A system that gathers information for the usage of resources of the VMs in OpenStack, to try to detect which of them are idle

Project description

OpenStack IDLE VM Detector (osidle)

This project tries to analyze the usage of the different servers (Virtual Machines) in an OpenStack deployment.

The motivation for this project is that in a private cloud, users usually launch VM and forget that they have been started. This happens mainly because the users are not billed for the usage of private resources. But for the owner and the sysadmins, these "launch-and-forgotten" servers are a headache: 1st because the resources are finite (private clouds are not Amazon's AWS clouds), and 2nd because using the resources prevent from rebooting the hosting servers (thus interrupt maintenance of the facilities).

Moreover, according to the evidence, users tend to overestimate the number of resources their servers need to run. And this is especially true when the resources are "free" (i.e. do not cost money). Instead, when a user starts a server in Amazon AWS, he tries to control the resources better because more resources mean more money.

Amazon AWS will not complain about paying for extra unneeded resources (Amazon wants to get your money, and if you asked to spend more money... it is your choice). But the sysadmin wants to have enough resources for its users without buying new resources.

And as a last thought, the sysadmins also offer a reduced set of flavours for the VMs that do not cover all the use cases. So maybe a user needs an amount of memory that is only offered along with 8 cores, but the user may only need 2 cores. In this case, the sysadmin is responsible for overproviding resources for the VM flavours. If many VMs face this case, the sysadmin should re-consider the resources for each flavour or even create new flavours.

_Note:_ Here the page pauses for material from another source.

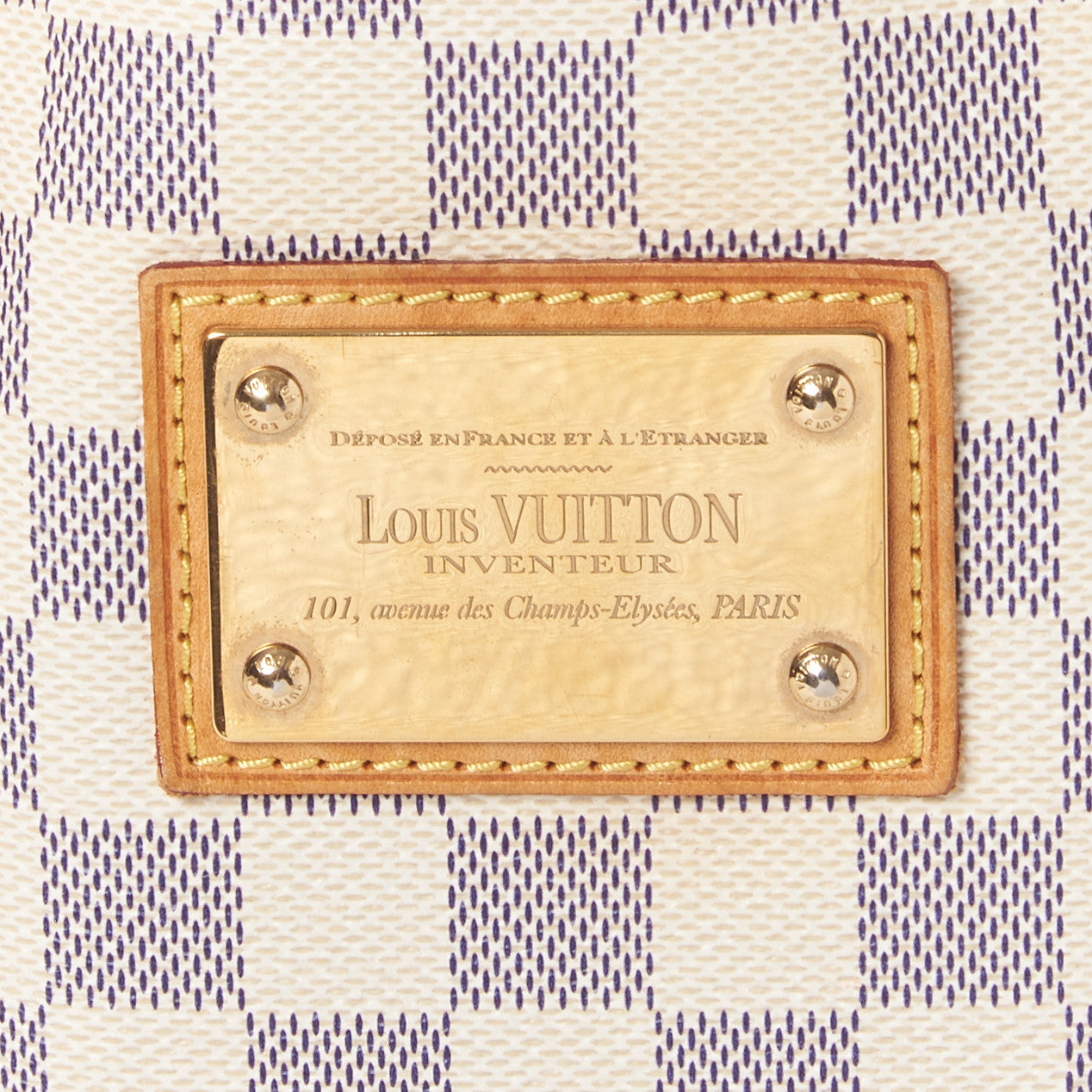 Louis Vuitton Damier Azur Hampstead PM 7 of 10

As a summary, the use cases for this project are

  1. to try to detect which servers are candidates to be powered off because they are not used.
  2. to try to detect overestimated servers, to try to resize them
  3. to try to detect the lack of flavours with the appropriate amount of resources

Workflow

This server has two parts:

  1. A monitor that periodically contacts OpenStack and gets the metrics for the usage of the servers
  2. An application that can be used to analyze the data

Technical details

Monitor

The monitor is a simple application that contacts the OpenStack server, retrieves the list of running servers and starts monitoring them.

  • The list of servers is variable in time, but it is considered to be valid for a period of time. So the list of servers is retrieved each MONITORING_FULL_INTERVAL seconds.

  • The data of the servers that may be started between updating calls is not lost: the usage of these VMs will be retrieved in the next cycle, if they are still alive. It is important that this application is not for billing purposes: it is for detecting IDLE servers.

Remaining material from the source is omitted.